L’interprétariat en santé. Pratiques et enjeux d’une communication triadique
Dirigé par Vanessa Piccoli – maîtresse de conférences en sociolinguistique à l’Université Paris Nanterre, Véronique Traverso – linguiste et directrice de recherche au CNRS, ainsi que Nicolas Chambon – sociologue et responsable de la recherche à l’Orspere-Samdarra, cet ouvrage peut être considéré comme le manuel le plus abouti sur la question de l’interprétariat en santé. Regroupant une quarantaine d’articles et plus d’une vingtaine d’auteurs et autrices, il s’appuie à la fois sur un état des lieux de la recherche francophone et anglophone, ainsi que sur le projet Remilas (Réfugiés, migrants et leurs langues face aux services de santé).
L’ouvrage s’ouvre par un chapitre introductif, posant le cadre définitionnel de la réflexion, et permettant au lecteur non spécialiste de découvrir les différents types d’interprétariat, ainsi qu’un état des lieux des pratiques du métier. S’ensuit un deuxième chapitre détaillant la méthodologie de recherche utilisée dans le projet Remilas, fondée sur une approche interactionniste en sociolinguistique appliquée à des entretiens filmés, et revendiquant un niveau élevé de détails dans l’analyse multimodale des pratiques communicationnelles. Tout au long de l’ouvrage, le lecteur est guidé par des verbatims et des photogrammes extraits des vidéos, auxquelles il peut accéder via un site internet dédié.

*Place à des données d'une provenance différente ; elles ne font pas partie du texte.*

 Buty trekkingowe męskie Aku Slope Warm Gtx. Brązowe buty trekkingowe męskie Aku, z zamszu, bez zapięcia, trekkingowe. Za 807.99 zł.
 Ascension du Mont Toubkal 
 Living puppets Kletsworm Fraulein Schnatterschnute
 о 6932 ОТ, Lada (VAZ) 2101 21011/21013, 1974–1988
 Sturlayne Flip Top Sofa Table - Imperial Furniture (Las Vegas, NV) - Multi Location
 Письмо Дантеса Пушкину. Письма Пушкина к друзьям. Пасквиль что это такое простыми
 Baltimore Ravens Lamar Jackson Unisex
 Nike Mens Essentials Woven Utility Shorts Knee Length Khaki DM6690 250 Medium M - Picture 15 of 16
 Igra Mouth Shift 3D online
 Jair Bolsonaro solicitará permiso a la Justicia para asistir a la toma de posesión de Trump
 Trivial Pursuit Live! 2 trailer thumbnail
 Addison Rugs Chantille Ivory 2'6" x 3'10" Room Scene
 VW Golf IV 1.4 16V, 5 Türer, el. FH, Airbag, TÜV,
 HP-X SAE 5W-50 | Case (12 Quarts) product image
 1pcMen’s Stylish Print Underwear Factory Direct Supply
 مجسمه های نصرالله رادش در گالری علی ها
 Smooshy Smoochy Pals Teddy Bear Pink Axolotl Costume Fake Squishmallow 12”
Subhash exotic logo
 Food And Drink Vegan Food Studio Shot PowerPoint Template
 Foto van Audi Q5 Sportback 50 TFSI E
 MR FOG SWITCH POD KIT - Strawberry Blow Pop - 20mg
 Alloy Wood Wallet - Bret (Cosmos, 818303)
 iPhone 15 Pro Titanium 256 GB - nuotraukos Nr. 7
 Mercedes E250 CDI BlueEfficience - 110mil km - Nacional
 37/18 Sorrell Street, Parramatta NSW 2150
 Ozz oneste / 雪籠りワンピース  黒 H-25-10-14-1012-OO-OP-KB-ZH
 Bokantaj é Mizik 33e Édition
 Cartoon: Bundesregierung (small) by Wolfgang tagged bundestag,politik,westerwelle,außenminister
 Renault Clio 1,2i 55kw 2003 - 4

Après cette première partie introductive, l’ouvrage se déploie en quatre chapitres décrivant les différents aspects du métier d’interprète. Les trois premiers reprennent le découpage proposé par Cécilia Wodensjö dans son ouvrage pionnier : l’interprète comme traducteur, comme médiateur et comme coordinateur, entendu que ces trois facettes sont celles d’une seule et même activité. En se focalisant sur la question de la traduction, le premier chapitre détaille la spécificité de l’interprétariat par rapport à d’autres pratiques traductives, en soulignant l’enjeu capital de la reformulation et en modélisant l’enchaînement des « blocs » de sens à traduire. En consacrant ensuite un chapitre à la médiation, les auteurs associent l’enjeu de la traduction des éléments culturels à une conception élargie de la médiation. Celle-ci inclut en effet un ensemble de transformations du discours inhérentes à leur ré-énonciation orale, une prise de position signifiante lorsque l’interprète choisit de traduire à la première ou à la troisième personne, ainsi qu’une pratique active de repérage et de résolution des malentendus. Le troisième chapitre, abordant le rôle de l’interprète en tant que coordinateur, situe l’analyse dans une dimension interactionnelle, en explicitant les différents procédés régulant la répartition de la parole dans les consultations triadiques. Dans cette partie, figure également un quatrième chapitre sur les émotions de l’interprète, trop souvent silenciées, qui peuvent entraîner une souffrance spécifique au métier, mais qui fondent l’établissement d’une alliance thérapeutique triadique.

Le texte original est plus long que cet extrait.